Dana Banpol Naik PPP Alhamdulillah …

Dana Banpol Naik PPP Alhamdulillah …

PPP  JAKARTA — Partai Persatuan Pembangunan (PPP) menyambut baik rencana kenaikan dana bantuan terhadap partai politik dari negara mulai 2018. Dana bantuan parpol akan naik menjadi Rp 1.000 per suara dari semula Rp108 per suara. “PPP ya mengucapkan Alhamdulillah,” ujar Sekretaris Jenderal PPP, Arsul Sani kepada wartawan.

Menurut Arsul, kenaikan dana bantuan terhadap parpol penting mengingat dana bantuan parpol yang ada saat ini sangat kecil dan masih jauh dari harapan. Sehingga tidak mencukupi untuk pembiayaan parpol khusus untuk pendidikan politik atau pengkaderan.

Dengan rencana kenaikan Rp 1.000 per suara tersebut, kata Arsul, maka sesuai perhitungan PPP akan mendapat bantuan sekitar Rp 8,2 miliar. Meski pun menurutnya tidak bisa mencukupi pembiayaan pendidikan politik atau pengkaderan parpol tersebut.

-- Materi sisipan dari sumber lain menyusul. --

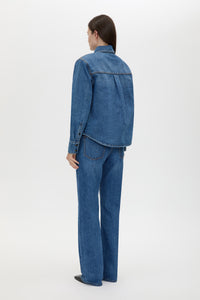 Back view CAMILLA AND MARC Caden Denim Shirt in Dark Classic Blue with shoulder pads and an embroidered monogram.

“Tentu belum, karena total untuk PPP berkisar Rp 8,2 miiliar, kebutuhan kami sekitar Rp 40 miliar hingga Rp 50an milar, tapi ya lumayanlah ada peningkatan untuk kegiatan pendidikan politik dan perkaderan,” ujar Anggota Komisi III DPR tersebut.

Namun demikian, Arsul menilai yang terpenting dari kenaikan dana bantuan parpol tersebut juga perlu diimbangi dengan transparansi dan akuntabilitas penggunaan dana tersebut. Karena dua aspek tersebut kata Arsul, yang menjadi salah satu penekanan PPP jika bantuan parpol tersebut jadi ditingkatkan.

Meksipun ia bersyukur, untuk tahun anggaran 2016 audit Badan Pemeriksa Keuangan (BPK) tidak menemukan penyimpangan penggunaan dana banpol tingkat pusat PPP dan hanya tiga parpol yang auditnya tidak ada penyimpangan. “Hanya PPP juga minta aturan tentang aktivitas yang bisa dibiayai dengan dana banpol juga perlu diperjelas dan diperluas,” katanya.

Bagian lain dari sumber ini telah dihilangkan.